The taxi industry will face increased competition from Friday, as new laws to regulate controversial ride-sharing service Uber came into effect.
Despite strong opposition taxi drivers, including violent protests, two Australian states have, or plan to, legalise for the service.
The law came into effect in the ACT on Friday, while Tasmania recently announced an intention to embrace and take advantage of sharing-economy businesses such as Uber.
ACT chief minister Andrew Barr told The Canberra Times prospective drivers in the ACT had shown “significant interest”, and that details would be collected from Uber once the laws were implemented.
They required drivers to pass police, health and vehicle checks, and have insurance.
Mr Barr said it would increase competition in the private transport market and by the ride-sharing company’s own estimates that could be up to 35 per cent.
Uber is a growing service, which now operates in almost 60 countries. It allows members of the public to book transport in Uber member vehicles using a smartphone app. No money changes hands – it’s paid for over the internet.
Taxi operators loathe Uber, accusing it of taking their business while not having to pay the same fees or meet the same standards.
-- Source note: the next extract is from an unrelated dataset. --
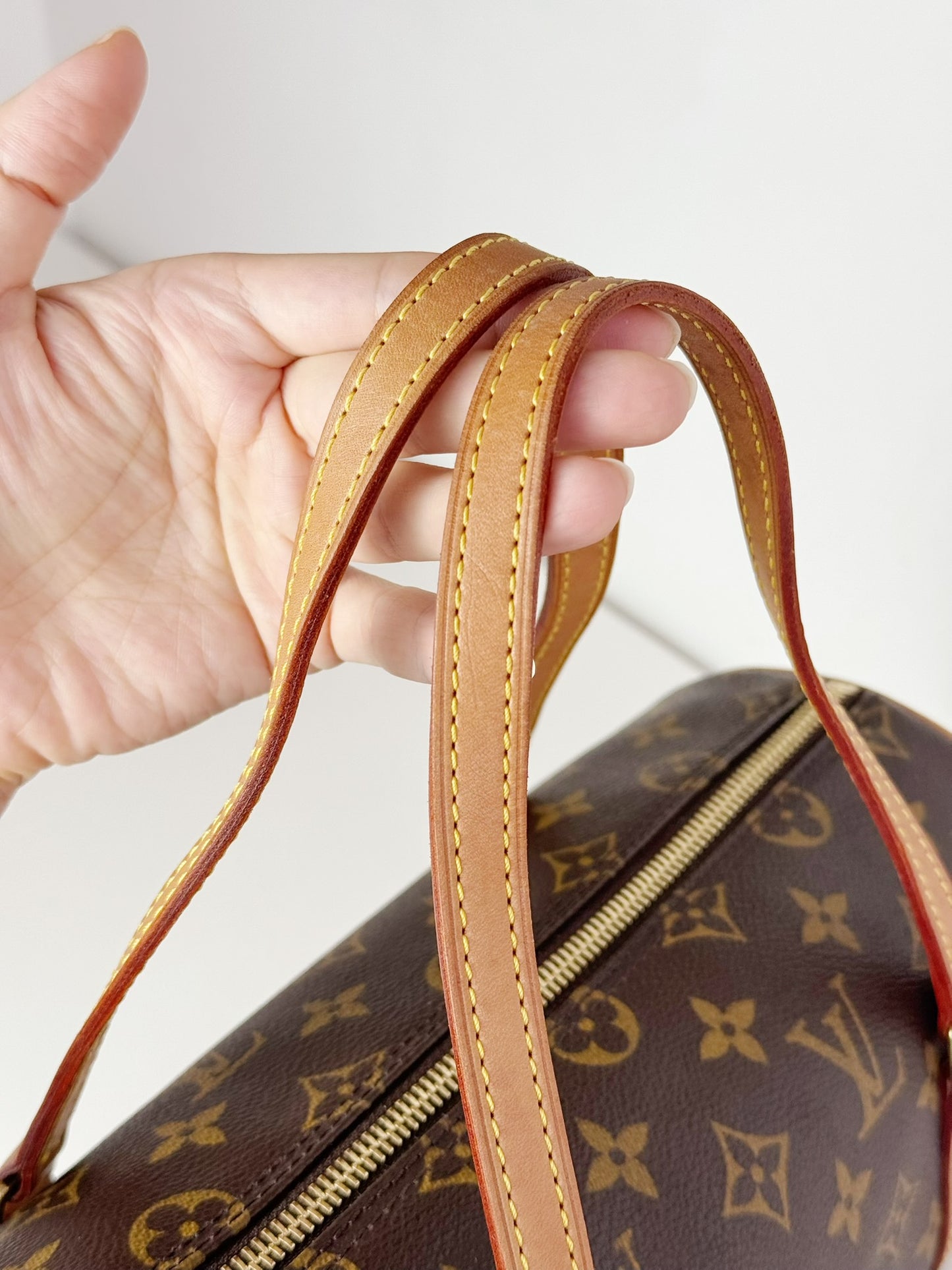 Louis Vuitton Vintage Papillon 26 Handbag Crossbody Bag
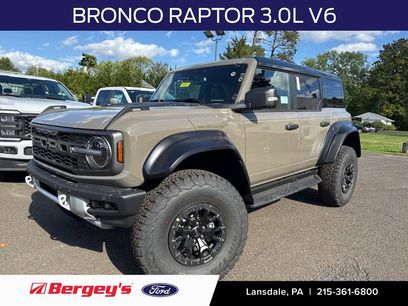 New 2025 Ford Bronco Raptor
Tasmanian premier Will Hodgman will outline how the state plans to embrace and take advantage of sharing-economy businesses such as Uber.
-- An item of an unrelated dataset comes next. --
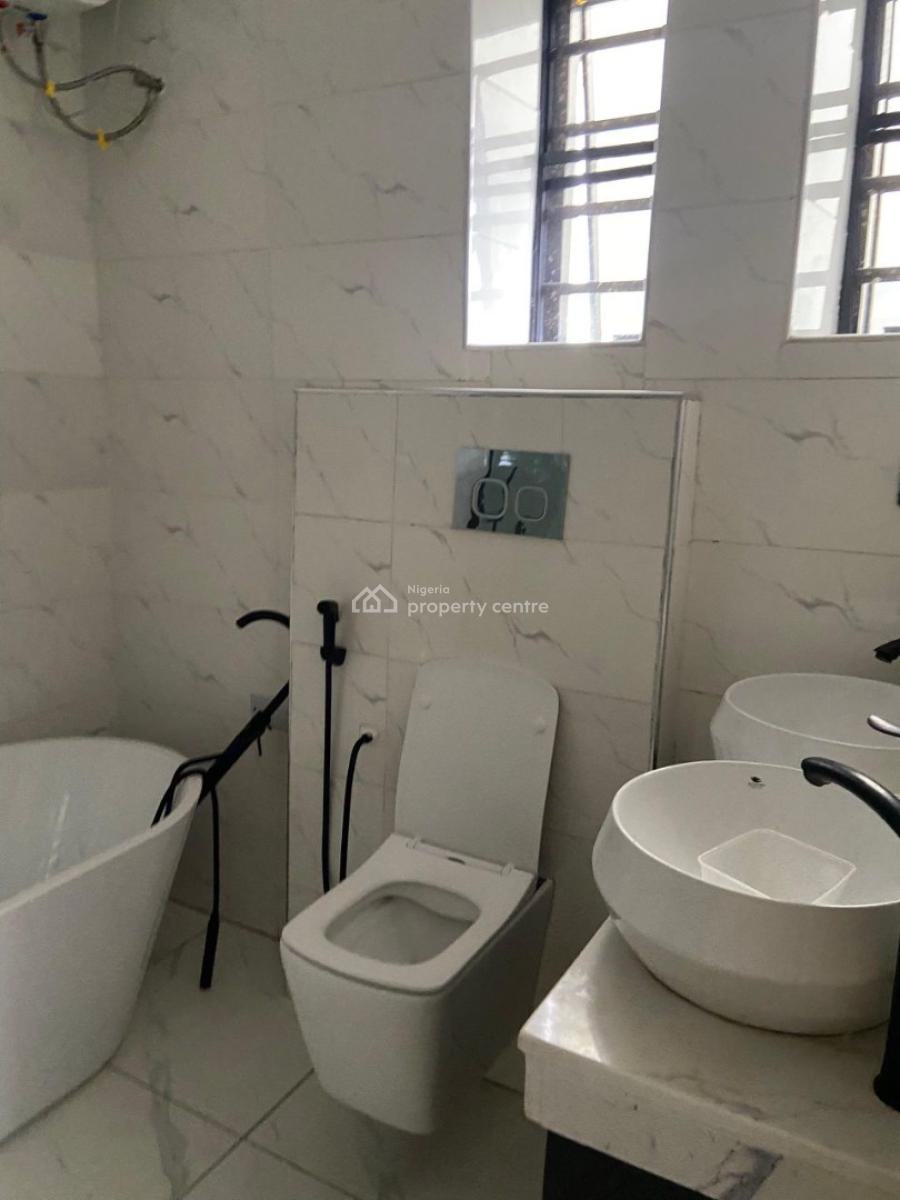 Luxury Living 4 Bed Semi-detached, Orchid Road, Lekki, Lagos, House for Rent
The ride-sharing service is soon to debut in the southern state.
But before it does, Mr Hodgman will on Friday give a State of the State address to the Committee for Economic Development of Australia, laying out his legislative agenda.
“My government’s choice is to embrace the change, to manage the challenges it presents, but seize the opportunities too,” the premier said.
He said the government had legislation “in relation to transport services within the sharing economy”, ready to be tabled in 2016.